Playing the Autism Card

I’ve seen many versions of the Autism Card on the internets. Some parents actually hand these out to people. For those who don’t realize, a common theme in the lives of parents of children on the autism spectrum is to take our kids in public, I know, gasp, and receive a very inviting welcome from the strangers of the world. By inviting welcome, I mean a bunch of dirty looks, criticism on our parenting skills, criticism of our children, and basic asshattery.

You can read one of my previous posts about that: Dear Dr. Phil Wannabes of Walmart. 

I don’t think people who intervene in that manner are ignorant of autism. I think they are mean people. They are just assholes. Think about it. Your kid is freaking out. You are almost in tears, kneeling down trying to tame your child while watching and handling the other kids. You obviously have things to do that is being interrupted with all this. Everyone is upset. Who the fuck approaches people in that kind of emotionally charged situation to insult people? That’s not a dumbass. That’s a total asshole. That’s a bully. They targeted you because you are having a weak moment.

And when they intervene with their ridiculous opinions, they really make the situation harder on the parent and the kid. It’s very common with autism or kids in general for kids to run off and/or do really stupid shit when they are upset or overly hyper. So when you distract the parent from the child in that kind of situation, it better be fucking important because you are risking that child’s safety when you do.
That type of threat deserves very little mercy. I used to just hit them with the grocery cart, or drop something on their foot, but since assault isn’t something I really want on my permanent record, I now have resorted to shenanigans and debauchery.

I’d rather just scream at them really loudly something random for everyone to hear and be like “What the fuck did they just say to you?” Here’s a list of some things I got for now, for the assholes who want to tell you how to parent. This is for the guy who says, “Control your kids.” Use them wisely because you never know when karma is going to strike back, or how it will….

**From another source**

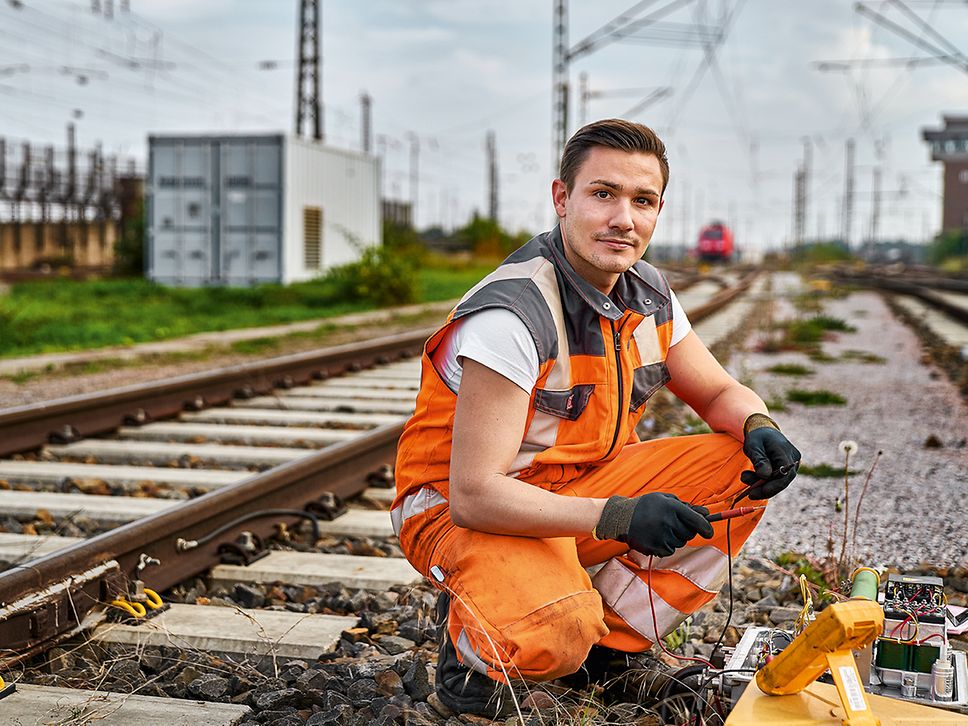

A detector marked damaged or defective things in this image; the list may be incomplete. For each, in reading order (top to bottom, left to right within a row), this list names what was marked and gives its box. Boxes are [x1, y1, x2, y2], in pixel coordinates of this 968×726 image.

rusty rail surface [0, 328, 432, 458]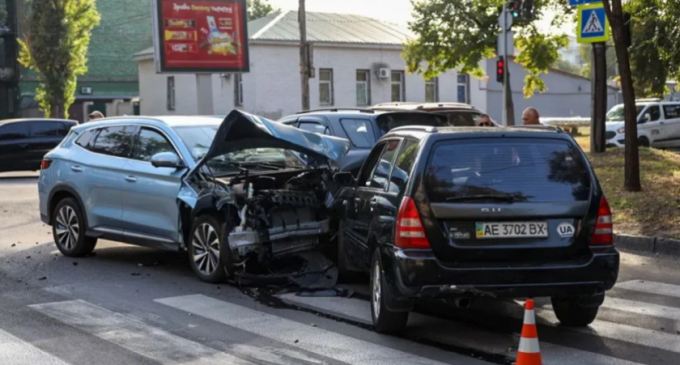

  1. What? No I do NOT wish to buy a video of you fondling a goat!
  2. I’m sorry, I don’t know where they keep the hemorrhoid cream or the KY Jelly.
  3. Tylenol will not cure your Clap.
  4. The Diet Pills I think are over there in aisle 14. You better hurry.
  5. You know they have mouthwash here, as well as breath mints. You might want to add that to your list.
  6. Excuse you? I happen to like what the person over there is wearing.
  7. You cheated on your spouse with who?
  8. Three Hundred Dollars for Sex?
  9. Did you just call that guy a n-word? He just called you the n-word. Seriously. I just heard him say it.
  10. The people who work here are neither overpaid nor lazy, and they definitely do not deserve to go to hell.
  11. You want to do what with a cucumber?
  12. I don’t have any dimes or bags!
And my favorite for while the kid is melting down…
What did you just say to my kid to make him cry like that?